Childhood hunger moving to the suburbs

ALEXANDRIA, Va. — Childhood hunger in the U.S. may be generally seen as a city problem, but Nick Arent, Virginia organizer for the Fair Share Education Fund, says that’s not the case.

The advocacy group crunched the numbers from the National School Lunch Program and found that many of the nation’s suburbs are seeing increases in the number of kids eligible for free lunches.

“We’re seeing much more often that hunger is happening in our suburbs, and it’s something that people aren’t realizing,” Arent says.

In the D.C. area, researchers comparing the 2006-2007 school year to the 2010-2011 year saw a 7.7 percent hike in the number of kids eligible for for the National School Lunch Program.

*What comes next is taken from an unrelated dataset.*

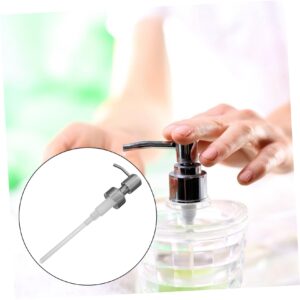 Gadpiparty Sprinkler Hand Soap Dispenser Foam Soap Dispenser Bottle Dispenser Foam Bottles Pump Lid Soaps Pump Cover Stainless Steel Silver Bottle Replacement Pumps Bottle Pump Replacement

“We believe that a large part of it was the Great Recession,” Arent says.

Statewide, 16.5 percent of Virginia’s school kids were eligible for the national lunch program — roughly one in six kids needing food assistance.

Parents are struggling, according to Arent, “with making enough money and getting by. And that’s just really something that we need to solve, because we can’t let our kids go hungry.”

The group hopes the numbers will shed more light on the problem and encourage communities to bring in more programs that help feed hungry school kids.

“When schools do that, and they start offering free breakfast to every kid, they’ve been noticing that kids show up to school on time, that they’re learning more, that they’re doing better,” Arent said.